Reusable Water Bottles
Several Raley’s grocery stores the Tahoe area have partnered with TERC in order to print reusable metal water bottles that feature “Drink Tahoe Tap ®” and plastic-free messaging. Raley’s launched this campaign to encourage customers to make the more sustainable choice of going reusable in the single-use plastic water bottle aisle. Due to the success of this initial project, Raley's expanding the campaign to six other stores in Truckee, CA and Reno, NV with the intention the continued expansion to an additional 80 stores in Spring 2021.
The components of the marketing campaign were designed to build on the highly visible and effective Take Care Tahoe campaign. By using eye-catching bright colors and witty phrases like “Break Up With Plastic,” “Water in Plastic Bottles is Trucked Up,” and “Fill Anywhere, Take Everywhere,” the water bottles will not only serve as a sustainable way to fill up on water, but will also encourage others to rethink their plastic use as well.

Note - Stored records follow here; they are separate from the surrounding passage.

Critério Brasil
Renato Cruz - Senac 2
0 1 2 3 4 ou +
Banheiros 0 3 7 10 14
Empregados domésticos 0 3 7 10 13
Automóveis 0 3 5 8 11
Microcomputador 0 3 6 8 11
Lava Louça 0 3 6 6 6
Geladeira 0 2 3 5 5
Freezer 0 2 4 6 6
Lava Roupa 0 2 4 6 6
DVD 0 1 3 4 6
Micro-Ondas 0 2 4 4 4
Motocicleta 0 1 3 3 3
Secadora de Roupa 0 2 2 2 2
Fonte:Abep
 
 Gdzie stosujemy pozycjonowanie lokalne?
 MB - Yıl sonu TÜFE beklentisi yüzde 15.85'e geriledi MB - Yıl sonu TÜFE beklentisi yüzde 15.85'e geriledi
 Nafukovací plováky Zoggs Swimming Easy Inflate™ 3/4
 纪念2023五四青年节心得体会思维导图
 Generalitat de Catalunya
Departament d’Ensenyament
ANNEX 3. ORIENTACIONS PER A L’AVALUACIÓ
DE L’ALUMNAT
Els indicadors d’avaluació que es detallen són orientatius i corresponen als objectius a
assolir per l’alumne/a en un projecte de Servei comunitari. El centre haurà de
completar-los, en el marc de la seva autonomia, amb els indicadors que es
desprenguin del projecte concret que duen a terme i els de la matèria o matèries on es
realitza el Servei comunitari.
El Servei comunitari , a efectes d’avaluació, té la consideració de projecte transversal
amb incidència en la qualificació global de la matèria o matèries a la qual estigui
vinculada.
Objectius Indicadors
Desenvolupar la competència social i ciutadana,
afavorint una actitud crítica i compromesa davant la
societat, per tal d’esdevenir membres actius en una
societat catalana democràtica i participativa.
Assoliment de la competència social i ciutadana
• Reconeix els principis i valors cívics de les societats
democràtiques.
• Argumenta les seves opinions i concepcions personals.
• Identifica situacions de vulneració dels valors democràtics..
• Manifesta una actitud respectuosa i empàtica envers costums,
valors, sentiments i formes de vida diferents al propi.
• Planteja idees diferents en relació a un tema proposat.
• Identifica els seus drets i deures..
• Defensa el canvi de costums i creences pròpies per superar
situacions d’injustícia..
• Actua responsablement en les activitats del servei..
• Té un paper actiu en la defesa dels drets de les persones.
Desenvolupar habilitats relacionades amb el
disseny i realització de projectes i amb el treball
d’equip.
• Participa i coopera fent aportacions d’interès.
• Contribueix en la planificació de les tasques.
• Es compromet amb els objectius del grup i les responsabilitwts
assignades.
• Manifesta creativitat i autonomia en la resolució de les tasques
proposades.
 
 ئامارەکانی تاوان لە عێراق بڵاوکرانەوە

In conjunction with the sale of reusable water bottles, TERC also conducted a survey on single-use water bottle usage in the Tahoe area by residents and visitors. If you haven’t taken it already, the survey is available at https://www.tinyurl.com/TahoeWaterBottleSurvey.
The sale of these reusable water bottles will be coupled with a push to increase accessibility to drinking water filling stations around the basin. In partnership with several local high schools, TERC plans to double the number of refill stations on the mobile “Tap App,” which points folks toward locations where they can refill their water bottles. Groups of students from four local high schools will present ways to increase sustainability to the Raley’s executive team, in hopes to move the needle on plastic pollution.